§ Work to complete
Every record below must be retyped exactly, with the pictures left out.

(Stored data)
========================
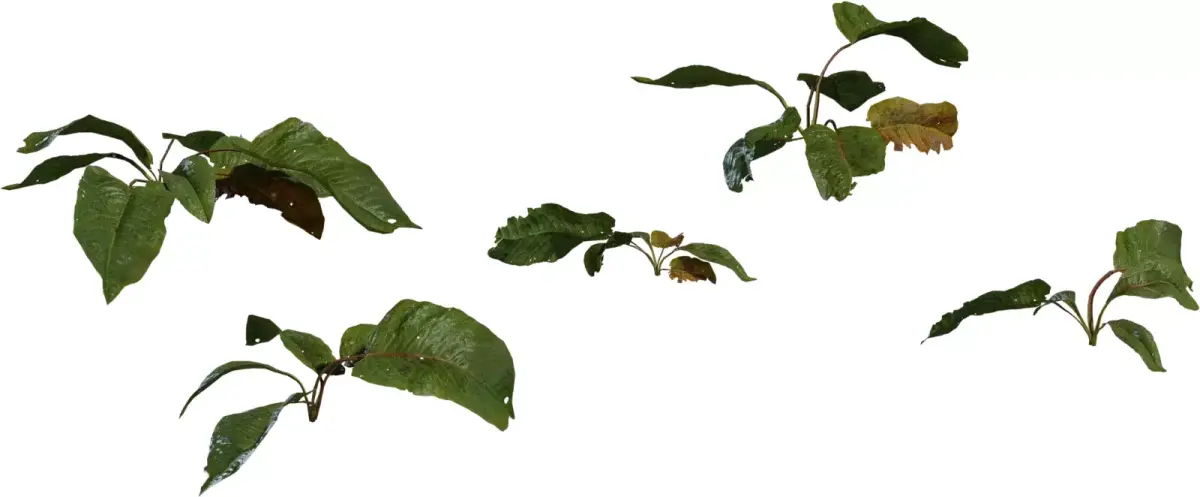 Broadleaf Ground Plant Sprig Pack Low-poly 3D model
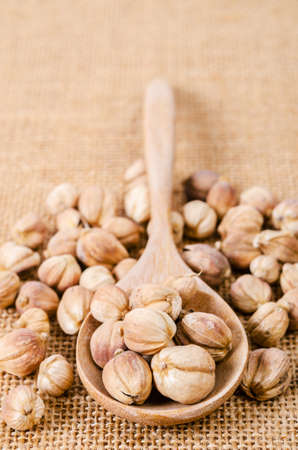 Best Cardamom, Camphor, Clustered Cardamom, Siam Cardamom(Amomum verum Blackw)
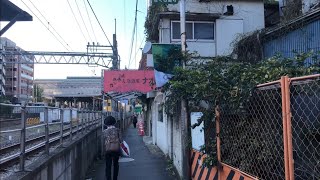 【小金井公園が最高でした】花小金井駅から小金井公園へ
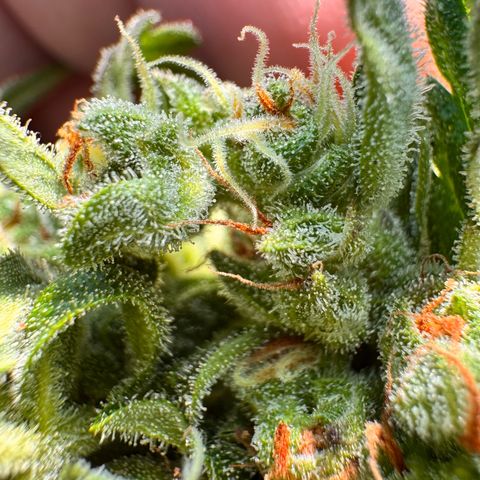 Afhgan skunk  growlog timeline photo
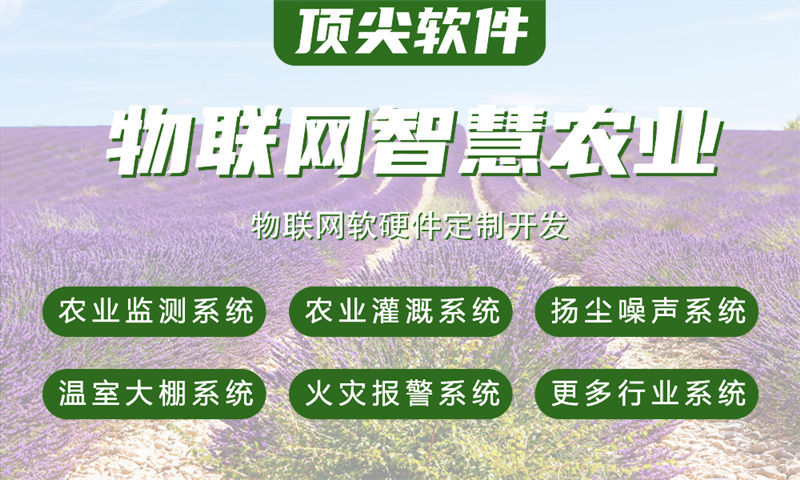 南京物联网与单片机开发技术详解及项目实施指南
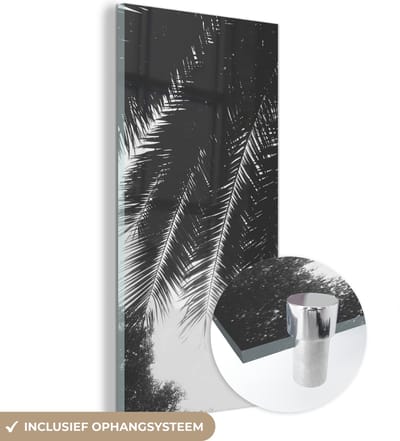 MuchoWow® Glasschilderij 20x40 cm - Schilderij acrylglas - Palmbladeren - Tropisch - Zon - Palmboom - Foto op glas - Schilderijen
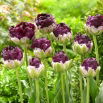 Tulipan Wow - 5 szt.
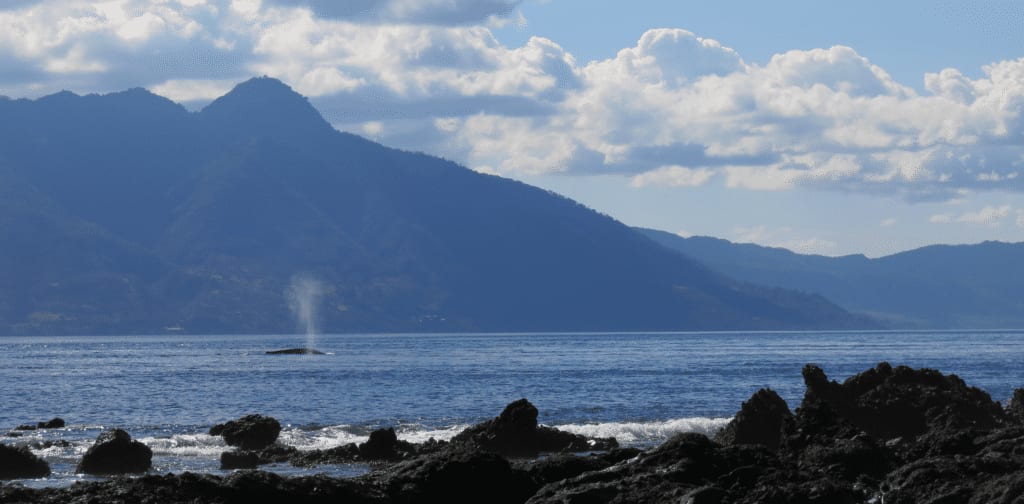 Whale watching in Alor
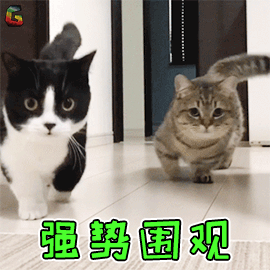 孝感粉丝排名榜前十(孝感谁粉丝最多)插图6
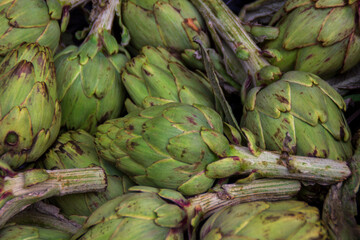 A lot of healthy artichokes in a food market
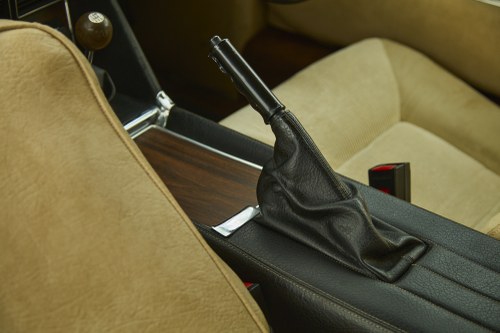 1975 Lotus Elite 501 In vendita (immagine 40 di 222)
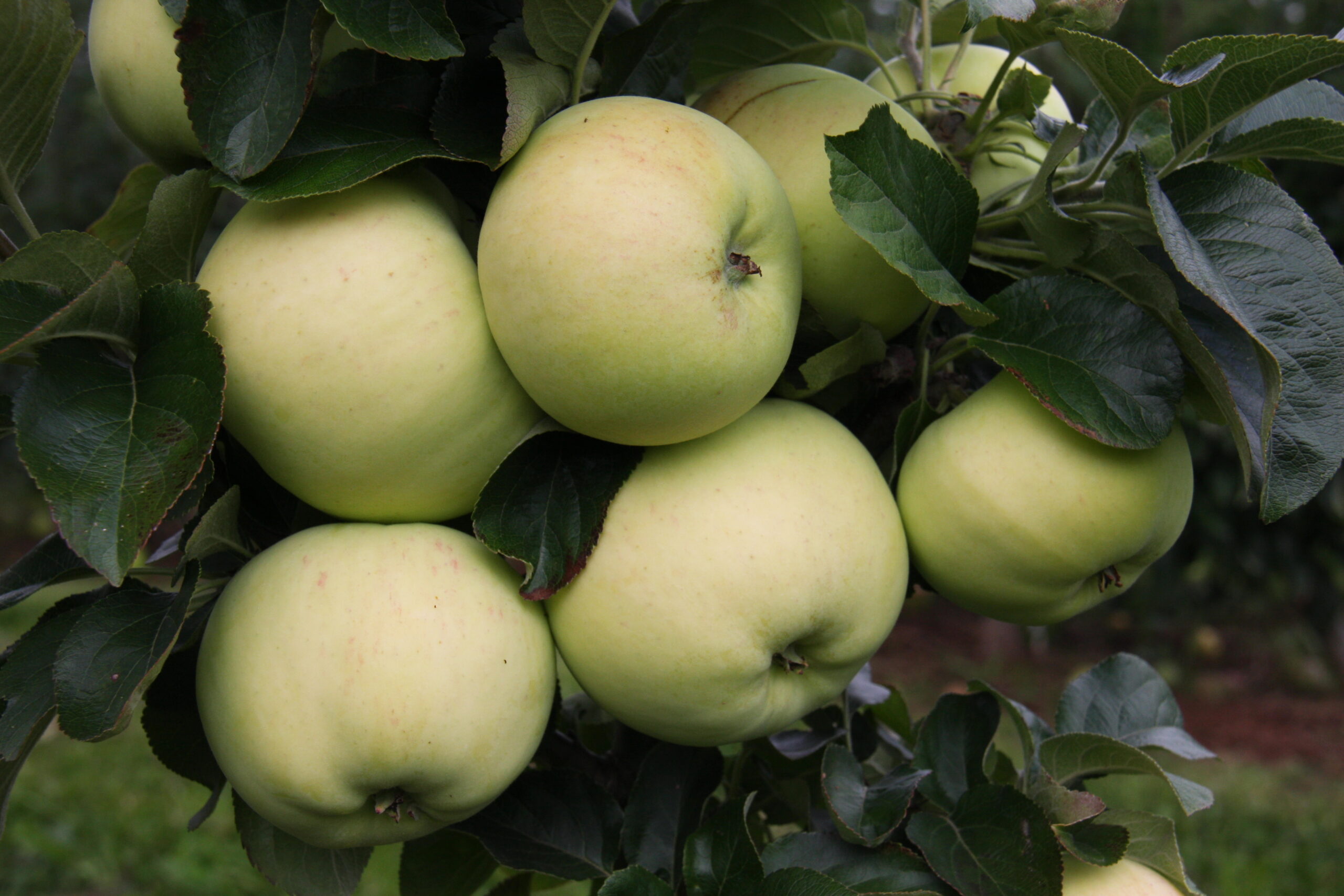 Heritage Fruit Trees Fruit Trees Frank P Matthews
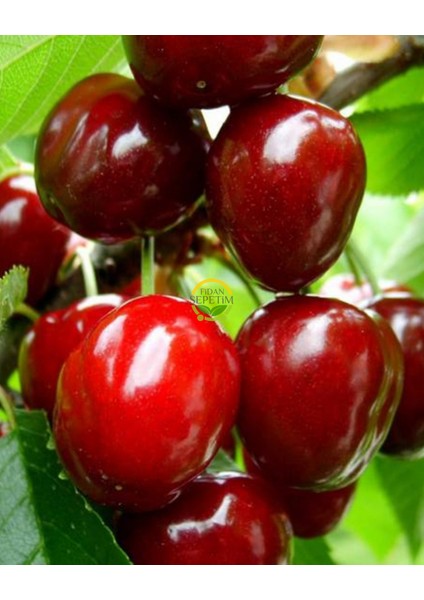 6 Yaş Aşılı Yarımca (Early Burlat) Kiraz Fidanı 'rootball'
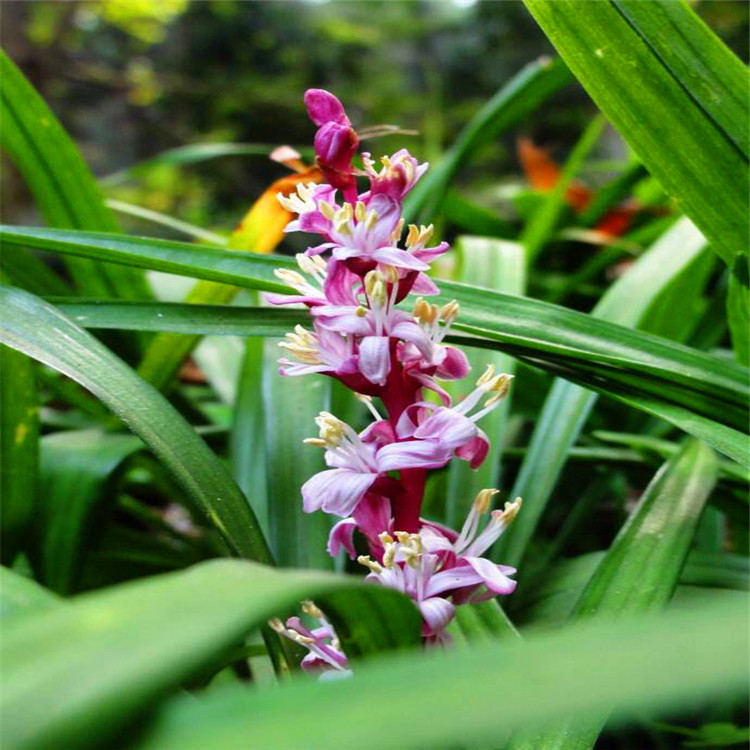 湖南基地现货批发吉祥草 耐阴绿化小苗 庭院常绿灌木量大价优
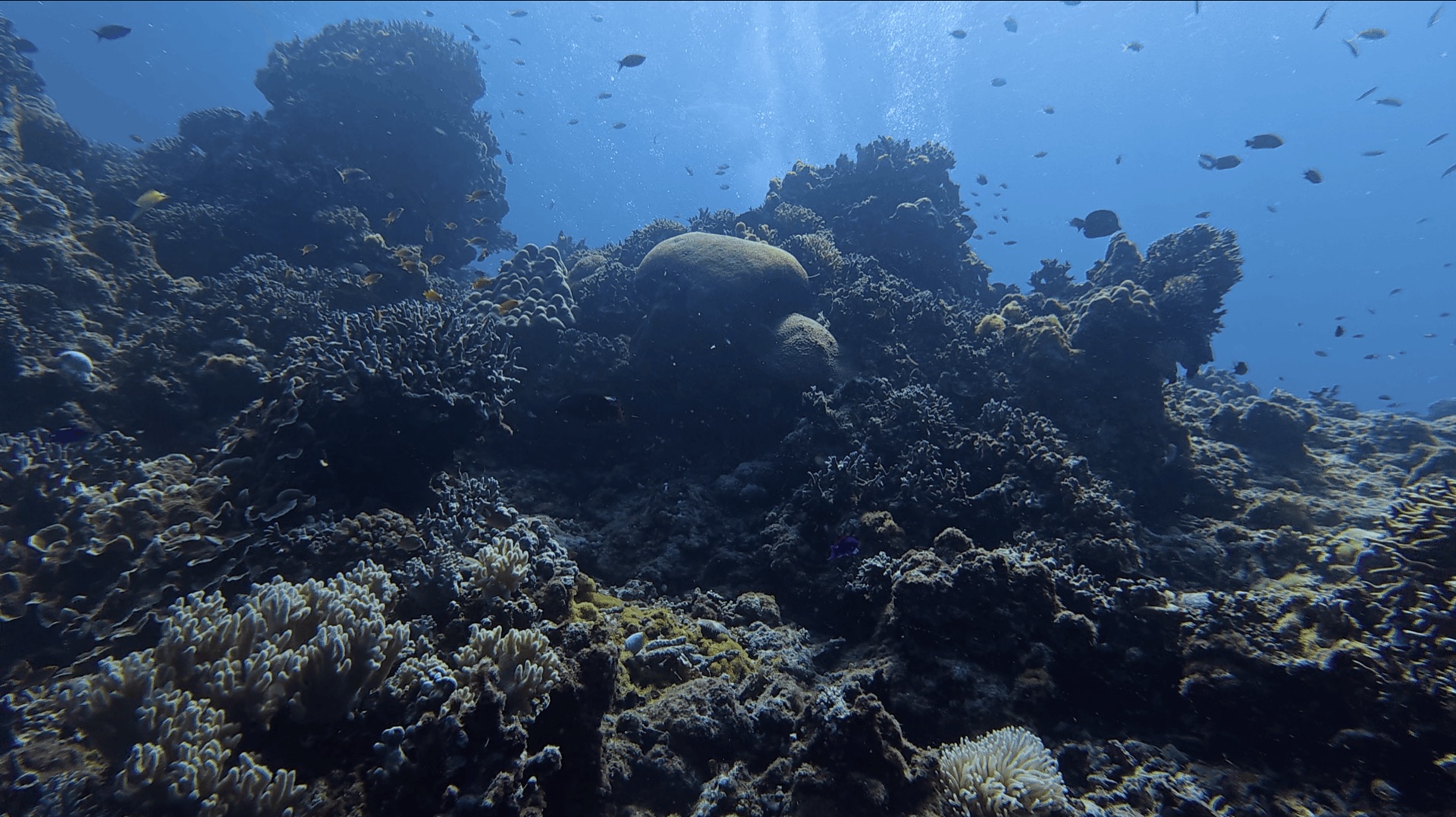 Hard coral and reef fish on the shallow main reef at Chapel, Apo Island, Philippines
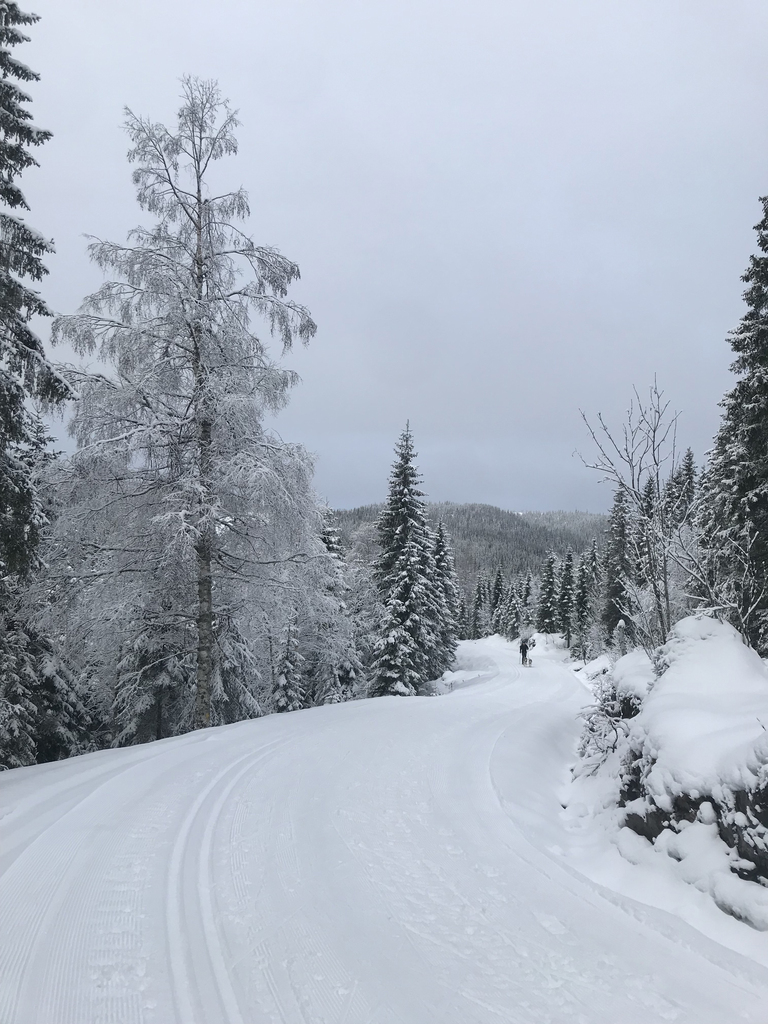 Strøkent i Romeriksåsene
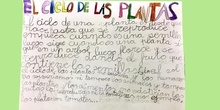 El ciclo de una planta. Fran 2ºA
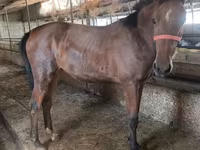 Klisna, Thoroughbred horse — foto 6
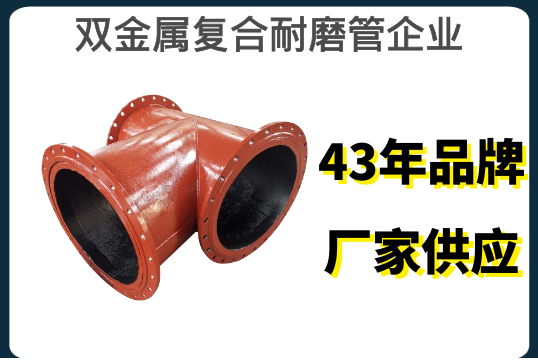 双金属复合耐磨管企业-43年品牌厂家供应[尊龙凯时]
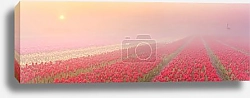Постер Голландия. Туман и рассвет над полем с тюльпанами №2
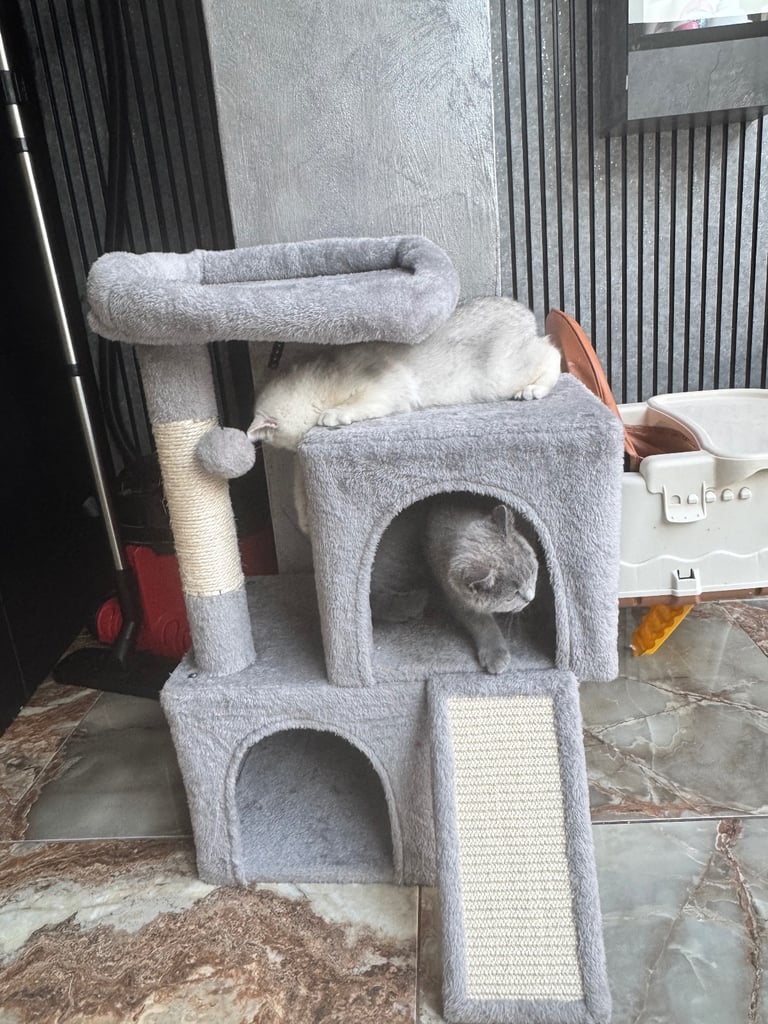 British shorthair kittens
========================
§ Response below
 Broadleaf Ground Plant Sprig Pack Low-poly 3D model
 Best Cardamom, Camphor, Clustered Cardamom, Siam Cardamom(Amomum verum Blackw)
 【小金井公園が最高でした】花小金井駅から小金井公園へ
 Afhgan skunk  growlog timeline photo
 南京物联网与单片机开发技术详解及项目实施指南
 MuchoWow® Glasschilderij 20x40 cm - Schilderij acrylglas - Palmbladeren - Tropisch - Zon - Palmboom - Foto op glas - Schilderijen
 Tulipan Wow - 5 szt.
 Whale watching in Alor
 孝感粉丝排名榜前十(孝感谁粉丝最多)插图6
 A lot of healthy artichokes in a food market
 1975 Lotus Elite 501 In vendita (immagine 40 di 222)
 Heritage Fruit Trees Fruit Trees Frank P Matthews
 6 Yaş Aşılı Yarımca (Early Burlat) Kiraz Fidanı 'rootball'
 湖南基地现货批发吉祥草 耐阴绿化小苗 庭院常绿灌木量大价优
 Hard coral and reef fish on the shallow main reef at Chapel, Apo Island, Philippines
 Strøkent i Romeriksåsene
 El ciclo de una planta. Fran 2ºA
 Klisna, Thoroughbred horse — foto 6
 双金属复合耐磨管企业-43年品牌厂家供应[尊龙凯时]
Постер Голландия. Туман и рассвет над полем с тюльпанами №2
 British shorthair kittens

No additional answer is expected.